Monday, March 23, 2009

Uncle Hal

My Uncle Hal resided in Owosso, Michigan, and I rarely saw him. But he came to mind Saturday evening, during a conversation wherein someone asked me about the origins of my French name. I said yes, there was some French on my father's side. The person replied that she had recently visited Belgium, the French-speaking southern part I'm assuming. When she brought up Belgium, the first thing that flashed in my mind was a story my Uncle Hal had told, about how he had had to bail out of an airplane during World War II over Belgium. The natives that came to him when he landed were delighted to hear that his last name was Briand, a French name, and so they welcomed him with wine. (I am pretty sure he said they gave him wine, but I could be remembering that part wrong.)

I told Uncle Hal's story, though I didn't want to impose too much of my family history on my new acquaintance. But, I have a vivid memory of Uncle Hal telling the story, and remembering the tale gave me pleasure, and so I was glad to have an excuse to relate it.

The next day, Sunday, I got word that Uncle Hal had passed away. My Aunt Virginia had talked to him sometime on Saturday, and then by the time Hal's son went to visit him on Sunday morning, he was gone. I don't know where Hal was when I was telling his story--was he still here, was he over there, was he somehow passing through? By passing through, I don't mean to suggest he was passing nearby where I was, but maybe as people leave, they are able to make us aware of them.

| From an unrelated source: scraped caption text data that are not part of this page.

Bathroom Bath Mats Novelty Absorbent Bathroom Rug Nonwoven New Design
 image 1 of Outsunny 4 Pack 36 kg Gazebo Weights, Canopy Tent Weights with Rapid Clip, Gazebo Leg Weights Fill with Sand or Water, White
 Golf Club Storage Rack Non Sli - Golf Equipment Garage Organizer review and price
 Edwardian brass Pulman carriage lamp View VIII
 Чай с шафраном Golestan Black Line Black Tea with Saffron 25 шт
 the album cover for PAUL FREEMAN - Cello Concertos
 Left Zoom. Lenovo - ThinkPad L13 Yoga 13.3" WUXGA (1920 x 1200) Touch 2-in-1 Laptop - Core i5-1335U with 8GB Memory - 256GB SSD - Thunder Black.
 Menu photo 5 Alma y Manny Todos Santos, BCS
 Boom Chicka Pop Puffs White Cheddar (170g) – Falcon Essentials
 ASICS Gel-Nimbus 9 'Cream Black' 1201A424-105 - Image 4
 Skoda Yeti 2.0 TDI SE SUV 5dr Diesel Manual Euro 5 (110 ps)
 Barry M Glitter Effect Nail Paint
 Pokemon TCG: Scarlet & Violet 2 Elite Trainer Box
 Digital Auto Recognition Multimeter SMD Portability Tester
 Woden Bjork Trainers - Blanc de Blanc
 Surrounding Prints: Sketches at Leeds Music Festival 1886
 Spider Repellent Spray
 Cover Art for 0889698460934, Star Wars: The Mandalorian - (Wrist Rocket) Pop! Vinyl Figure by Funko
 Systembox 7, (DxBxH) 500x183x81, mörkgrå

It doesn't matter. I'm just glad I was thinking of Hal when I was, and was remembering his enjoyment of the story. Uncle Hal was a good storyteller--he had an energy and vitality when he talked that made everything he said seem interesting, and he grinned a lot. My mom says he always had a twinkle in his eye, and I think that's true. My impression of him was that he had an active curiosity. I remember hearing him and my Dad talk in the kitchen, enthusiastically it seemed, about how to make stuff, or how stuff worked, or how to get stuff to work--mechanical stuff.

Hal was 89. He joins his wife Verlena, his parents, his niece Jackie, his sister Joyce, and his brothers Sol and Maurice (just to name a few people). Sol died almost two years ago. It would have been his birthday on Sunday.

Godspeed you to heaven, Uncle Hal.


  1. thanks for that, simone. i have no memories of uncle hal to speak of. i remember his wife as a person who was always smiling. this was a beautiful piece/post. i think you should send it somehow to his son, hal maurice. we briands need to consolidate our memories and keep them safe,,they seem to be scattered.

  2. beautiful recollection, shimmy. thanks for sharing. I think you have a wonderful family.

  3. Memories are something to be kept and cherished. Once they are forgotten, they are gone forever. As we get older, it is nice to think back and recall these memories and share with our children. After all, they are a part of our personal history.

  4. You should watercolor paint your flowers.